Armon Bassett

Personal information
- Born: December 28, 1986 (age 38) Terre Haute, Indiana
- Nationality: American
- Listed height: 6 ft 2 in (1.88 m)
- Listed weight: 180 lb (82 kg)

Career information
- High school: South (Terre Haute, Indiana); Hargrave Military Academy (Chatham, Virginia);
- College: Indiana (2006–2008); Ohio (2009–2010);
- NBA draft: 2010: undrafted
- Playing career: 2010–2011
- Position: Point guard

Career history
- 2010–2011: Ironi Ramat Gan

Career highlights and awards
- MAC tournament MVP (2010);

= Armon Bassett =

American basketball player

Armon Bassett (born December 28, 1986) is a former American professional basketball player.
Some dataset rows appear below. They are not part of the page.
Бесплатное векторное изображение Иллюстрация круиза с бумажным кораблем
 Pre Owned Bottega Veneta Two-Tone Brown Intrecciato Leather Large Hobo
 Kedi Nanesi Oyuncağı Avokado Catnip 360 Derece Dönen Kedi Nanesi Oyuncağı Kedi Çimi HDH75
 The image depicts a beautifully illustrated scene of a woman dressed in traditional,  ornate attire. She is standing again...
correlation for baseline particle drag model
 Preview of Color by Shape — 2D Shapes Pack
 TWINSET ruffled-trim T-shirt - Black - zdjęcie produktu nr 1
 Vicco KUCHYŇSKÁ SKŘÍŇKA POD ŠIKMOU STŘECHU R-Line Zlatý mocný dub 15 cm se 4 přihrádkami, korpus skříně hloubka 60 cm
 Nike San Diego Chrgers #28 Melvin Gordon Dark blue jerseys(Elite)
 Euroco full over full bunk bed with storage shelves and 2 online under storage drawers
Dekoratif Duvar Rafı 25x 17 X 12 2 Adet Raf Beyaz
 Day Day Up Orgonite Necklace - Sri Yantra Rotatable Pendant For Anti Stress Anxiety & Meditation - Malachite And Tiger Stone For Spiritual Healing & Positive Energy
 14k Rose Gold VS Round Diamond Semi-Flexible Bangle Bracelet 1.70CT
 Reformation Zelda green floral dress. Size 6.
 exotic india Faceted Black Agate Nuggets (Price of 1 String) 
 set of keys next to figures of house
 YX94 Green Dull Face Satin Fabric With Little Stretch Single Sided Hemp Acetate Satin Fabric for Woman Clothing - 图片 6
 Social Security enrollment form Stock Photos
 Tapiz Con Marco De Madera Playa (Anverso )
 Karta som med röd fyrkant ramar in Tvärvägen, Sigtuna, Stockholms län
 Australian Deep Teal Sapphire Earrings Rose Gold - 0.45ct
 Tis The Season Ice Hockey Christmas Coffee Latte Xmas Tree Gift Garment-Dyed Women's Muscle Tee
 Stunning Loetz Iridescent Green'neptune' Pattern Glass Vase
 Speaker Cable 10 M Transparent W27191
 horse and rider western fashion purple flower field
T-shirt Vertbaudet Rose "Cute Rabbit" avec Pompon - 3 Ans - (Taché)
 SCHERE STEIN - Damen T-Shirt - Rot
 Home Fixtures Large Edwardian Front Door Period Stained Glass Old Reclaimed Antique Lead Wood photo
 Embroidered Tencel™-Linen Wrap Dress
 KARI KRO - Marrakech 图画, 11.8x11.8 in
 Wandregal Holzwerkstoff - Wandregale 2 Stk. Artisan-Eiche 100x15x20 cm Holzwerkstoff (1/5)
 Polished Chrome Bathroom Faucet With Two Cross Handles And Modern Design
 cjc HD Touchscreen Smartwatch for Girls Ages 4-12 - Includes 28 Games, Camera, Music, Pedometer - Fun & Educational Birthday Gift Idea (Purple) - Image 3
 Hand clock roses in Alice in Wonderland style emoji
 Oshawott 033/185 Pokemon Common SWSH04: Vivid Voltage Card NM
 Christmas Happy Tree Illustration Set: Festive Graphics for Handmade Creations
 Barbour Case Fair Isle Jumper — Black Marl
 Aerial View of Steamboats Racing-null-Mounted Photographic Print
Bassett played collegiately at Indiana University prior to transferring to Ohio University, where he led the team to the NCAA tournament.

He was drafted in the 2010 NBA Development League Draft by the Maine Red Claws but cut prior to the season. He played one season professionally with Ironi Ramat Gan of Israel.

==Personal==
A native of Terre Haute, Indiana, Bassett attended Terre Haute South Vigo High School before attending Hargrave Military Academy for a prep year.

==MAC==
Bassett led 9th seeded Ohio to win the 2010 MAC men's basketball tournament, of which he was named MVP.